Exercise data
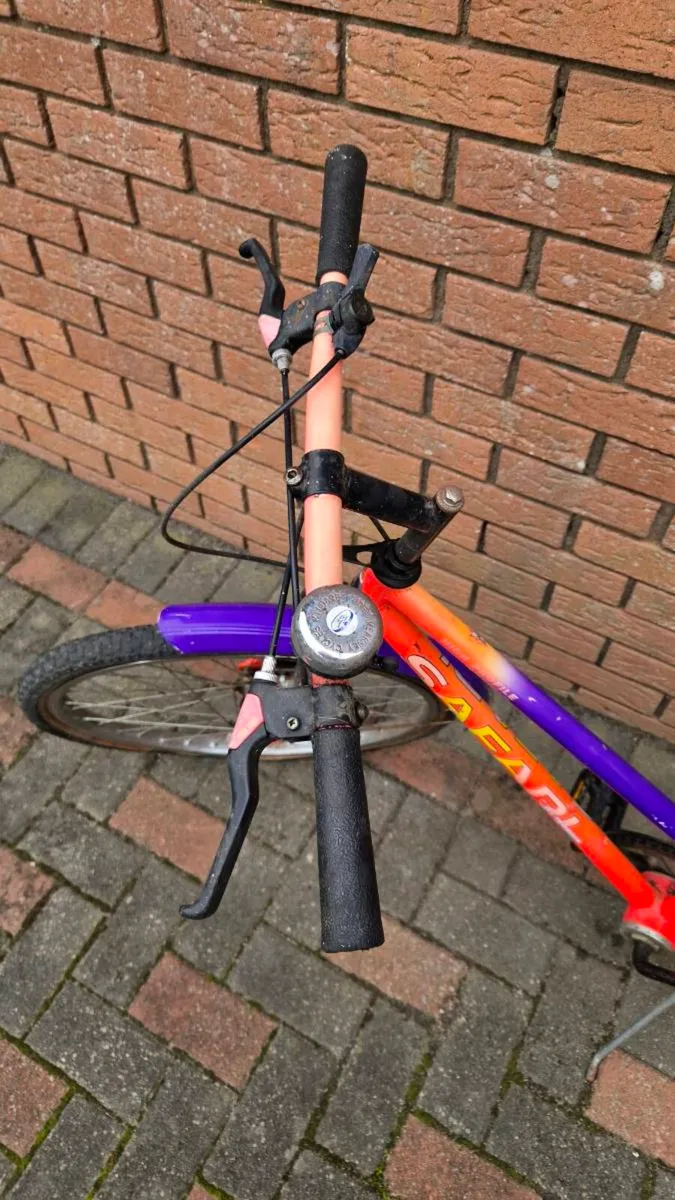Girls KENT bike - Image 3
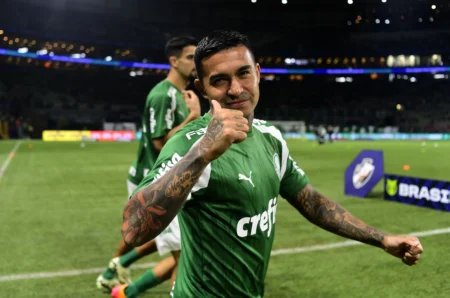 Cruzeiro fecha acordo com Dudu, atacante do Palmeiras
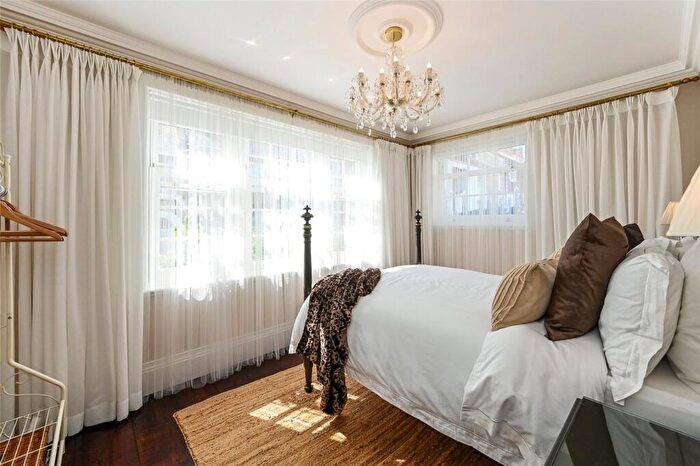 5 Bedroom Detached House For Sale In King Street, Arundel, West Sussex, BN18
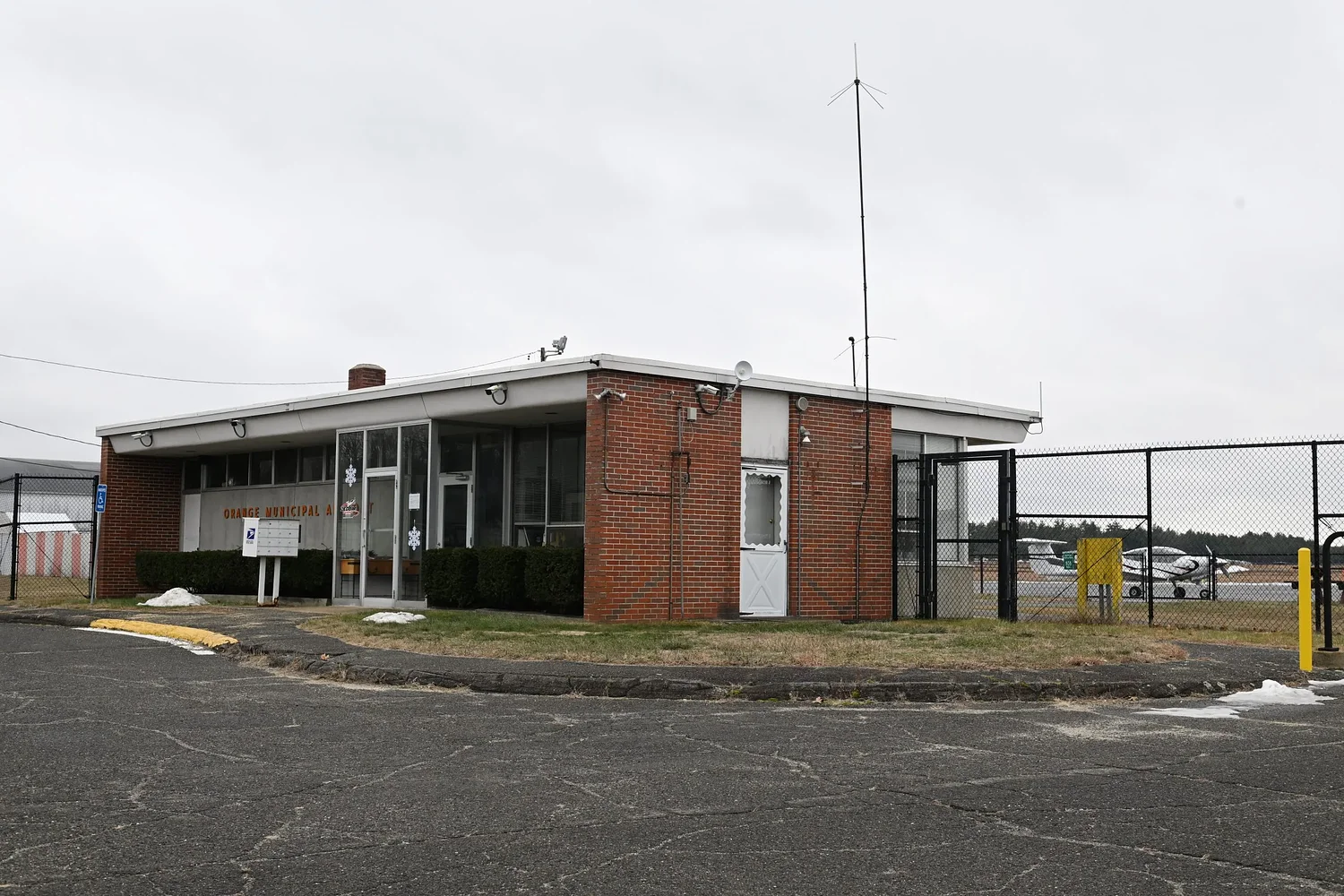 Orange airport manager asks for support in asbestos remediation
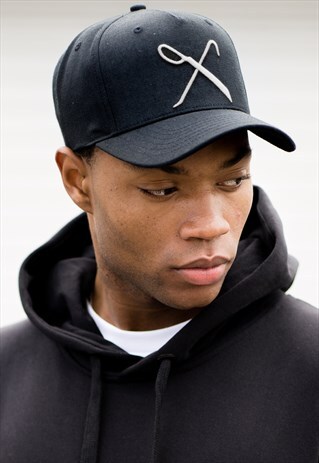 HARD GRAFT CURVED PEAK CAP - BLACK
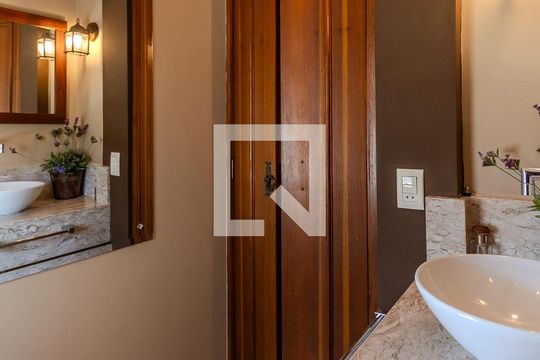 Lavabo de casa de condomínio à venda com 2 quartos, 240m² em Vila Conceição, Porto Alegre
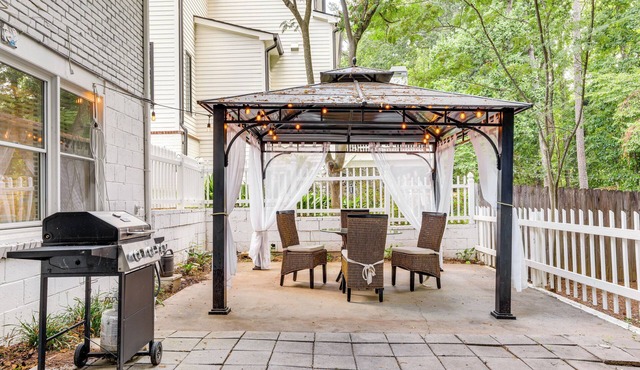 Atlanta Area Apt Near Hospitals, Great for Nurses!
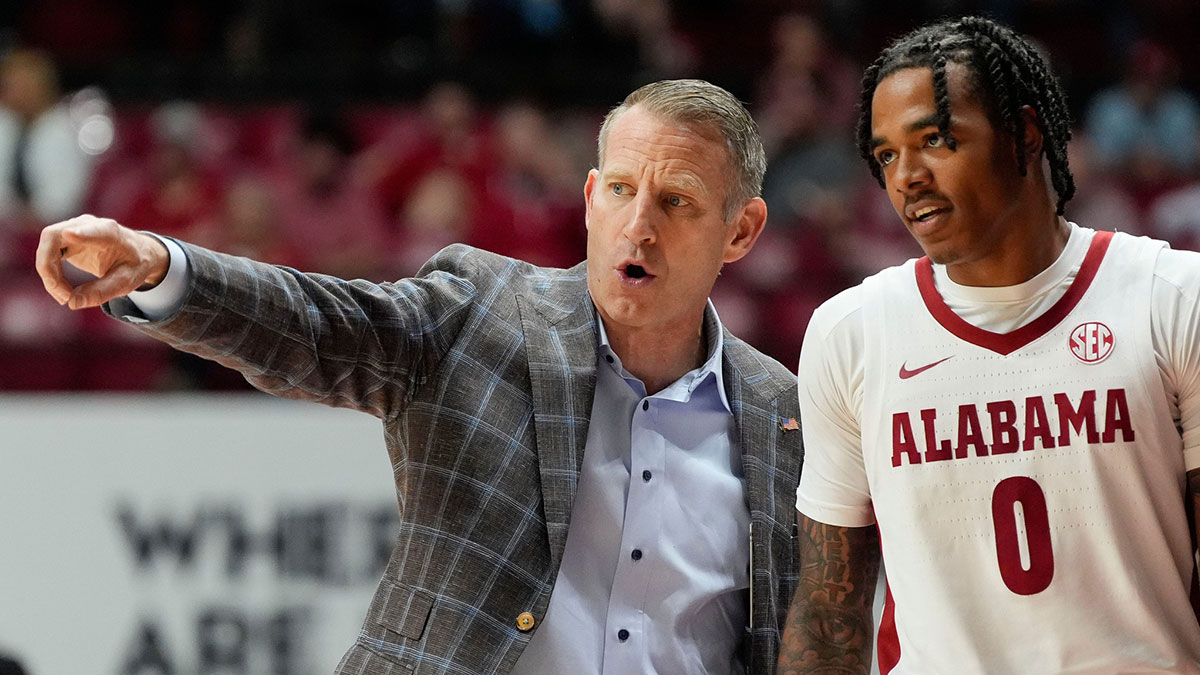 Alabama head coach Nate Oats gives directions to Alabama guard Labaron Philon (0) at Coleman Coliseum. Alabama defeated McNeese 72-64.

Task prompt
Output exactly, and only, the lines running from the line containing "Orange airport manager" to the last line of the entries above, omitting the pictures.

Solved problem
 Orange airport manager asks for support in asbestos remediation
 HARD GRAFT CURVED PEAK CAP - BLACK
 Lavabo de casa de condomínio à venda com 2 quartos, 240m² em Vila Conceição, Porto Alegre
 Atlanta Area Apt Near Hospitals, Great for Nurses!
 Alabama head coach Nate Oats gives directions to Alabama guard Labaron Philon (0) at Coleman Coliseum. Alabama defeated McNeese 72-64.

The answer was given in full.